Please copy out the records that follow, word for word.
────────────────
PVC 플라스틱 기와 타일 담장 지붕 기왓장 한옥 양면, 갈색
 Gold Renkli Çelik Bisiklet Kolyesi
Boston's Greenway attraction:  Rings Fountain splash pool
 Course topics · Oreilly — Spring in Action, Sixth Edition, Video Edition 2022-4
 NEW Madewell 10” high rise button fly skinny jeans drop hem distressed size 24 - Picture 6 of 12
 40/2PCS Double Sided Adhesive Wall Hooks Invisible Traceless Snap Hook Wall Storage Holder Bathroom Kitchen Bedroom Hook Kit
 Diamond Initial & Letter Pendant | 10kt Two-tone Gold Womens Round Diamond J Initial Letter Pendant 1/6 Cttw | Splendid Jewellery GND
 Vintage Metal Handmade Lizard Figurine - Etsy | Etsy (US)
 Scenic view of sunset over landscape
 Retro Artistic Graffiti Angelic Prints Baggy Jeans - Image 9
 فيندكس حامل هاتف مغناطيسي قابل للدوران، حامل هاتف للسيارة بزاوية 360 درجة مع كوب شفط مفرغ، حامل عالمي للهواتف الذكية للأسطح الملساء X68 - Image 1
────────────────
## Result of this task
PVC 플라스틱 기와 타일 담장 지붕 기왓장 한옥 양면, 갈색
 Gold Renkli Çelik Bisiklet Kolyesi
Boston's Greenway attraction:  Rings Fountain splash pool
 Course topics · Oreilly — Spring in Action, Sixth Edition, Video Edition 2022-4
 NEW Madewell 10” high rise button fly skinny jeans drop hem distressed size 24 - Picture 6 of 12
 40/2PCS Double Sided Adhesive Wall Hooks Invisible Traceless Snap Hook Wall Storage Holder Bathroom Kitchen Bedroom Hook Kit
 Diamond Initial & Letter Pendant | 10kt Two-tone Gold Womens Round Diamond J Initial Letter Pendant 1/6 Cttw | Splendid Jewellery GND
 Vintage Metal Handmade Lizard Figurine - Etsy | Etsy (US)
 Scenic view of sunset over landscape
 Retro Artistic Graffiti Angelic Prints Baggy Jeans - Image 9
 فيندكس حامل هاتف مغناطيسي قابل للدوران، حامل هاتف للسيارة بزاوية 360 درجة مع كوب شفط مفرغ، حامل عالمي للهواتف الذكية للأسطح الملساء X68 - Image 1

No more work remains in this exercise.